'This part of the protein complex is being damaged by oxygen free radicals more in a brain with Parkinson's than it is in someone of same age who does not have PD,' Bennett said. His research is published in the May 10th edition of the Journal of Neuroscience.
Oxygen free radicals are oxygen molecules that carry an extra electron. They are destructive because, in excessive amounts, they chemically attack the components of the cell, including proteins, DNA and lipids in cell membranes. One of the major problems of normal aging is an increased level of these free radical damaged proteins, along with damaged DNA and lipids.

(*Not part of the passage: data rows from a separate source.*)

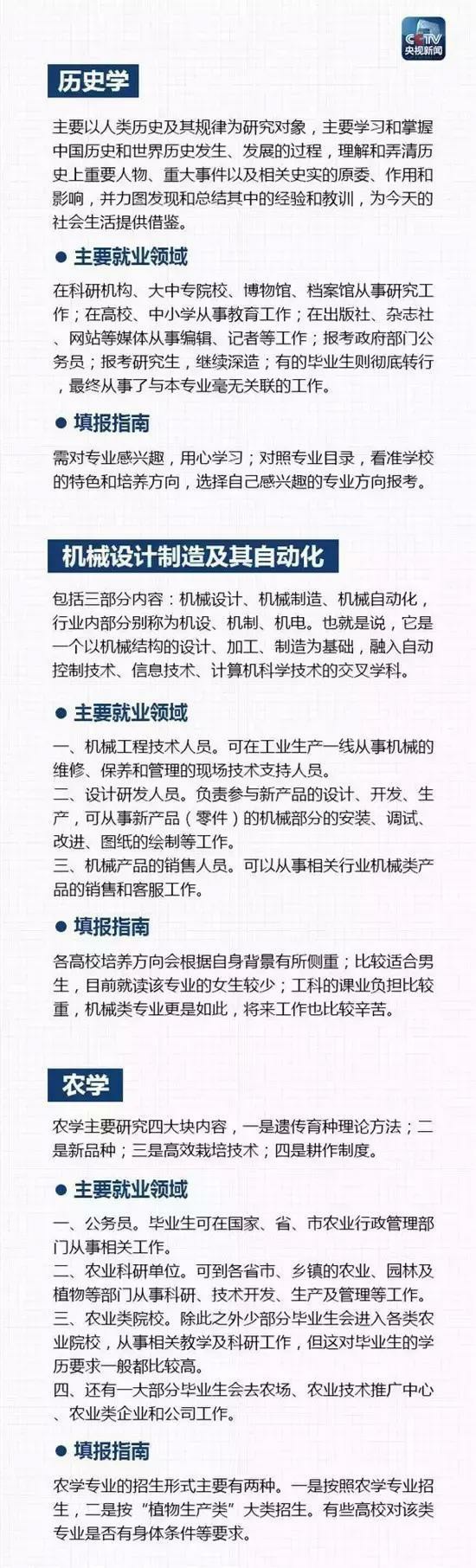 大學里有哪些熱門專業(yè)呢？山東技校網(wǎng)來為大家解讀！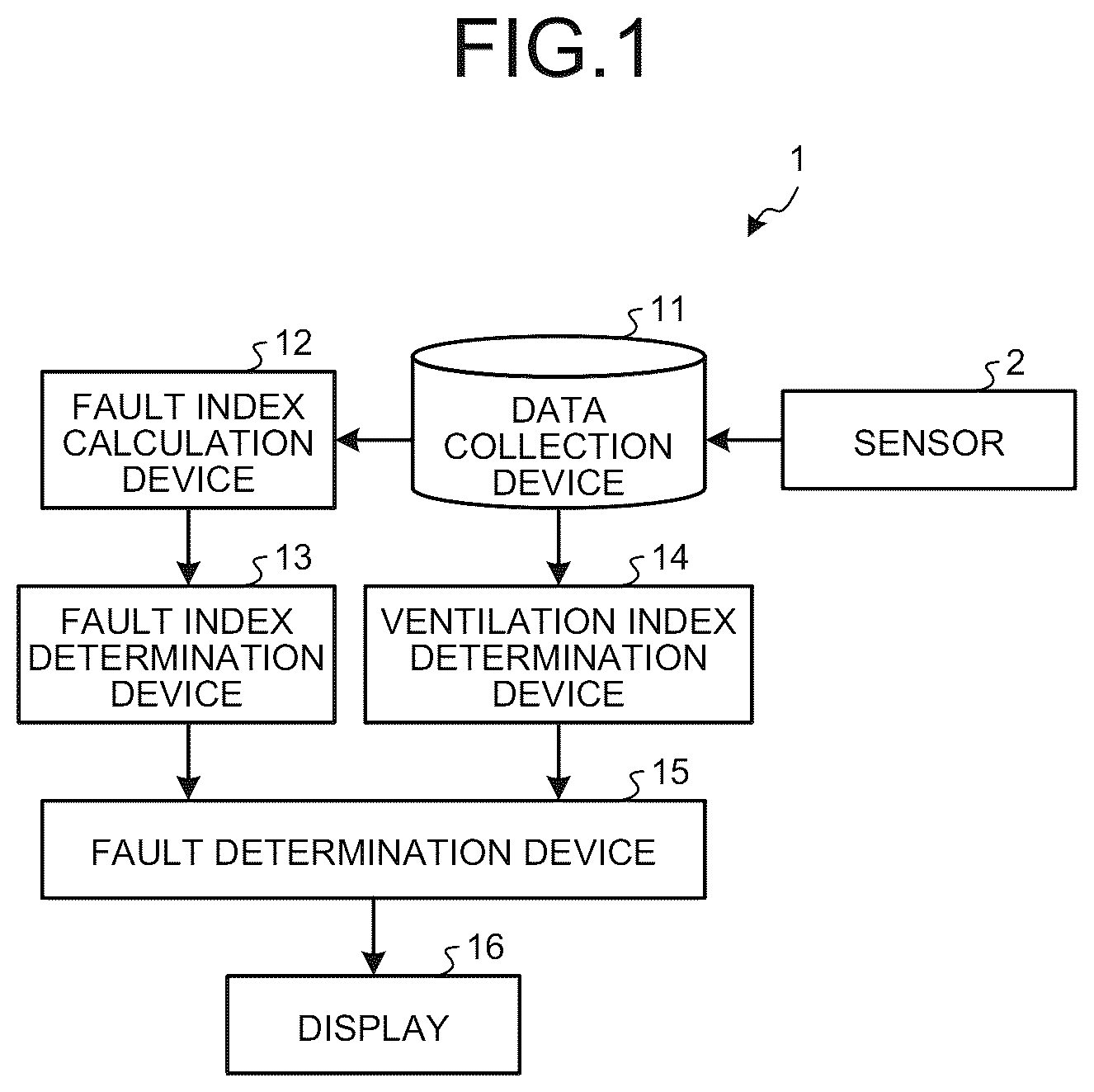 Patent US12320590 Figure 1 – Blast furnace fault determination apparatus, method for determining fault in blast furnace, and method for operating blast furnace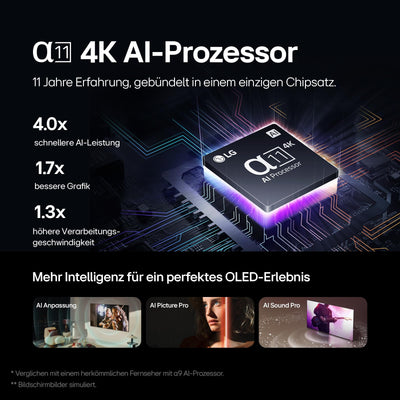 LG OLED65G49LS TV 65" (165 cm) OLED evo Fernseher (α11 4K AI-Prozessor, webOS 24, Dolby Vision, bis zu 120Hz) [Modelljahr 2024]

Bennett believes that Parkinson's patients may benefit one day from drugs that can slow the damage from free radicals. 'If we could soak up the free radicals in mitochondria, then complex I could repair itself,' Bennett said. 'If this damage is caught in people early on, we might interrupt the progression of Parkinson's disease. Such treatment is hypothetical at this point, but it is rational.'
Right now, Bennett and his colleagues don't know why complex I was damaged in the Parkinson's patients. 'It could be that something has gone terribly wrong with the mitrochondrial genome passed down by a person's mother that codes for several proteins in complex I,' Bennett said. 'Something could be wrong in the coding for genes that help complex I assemble. Or there could be environmental toxins. Our research is a first real step in understanding at a detailed biochemical level what the challenge is.'
Bennett said he now plans to model the observation by extracting mitochondrial DNA from the cells of donated PD brains, put the DNA into a cell and express it to see if the phenomenon can be reproduced.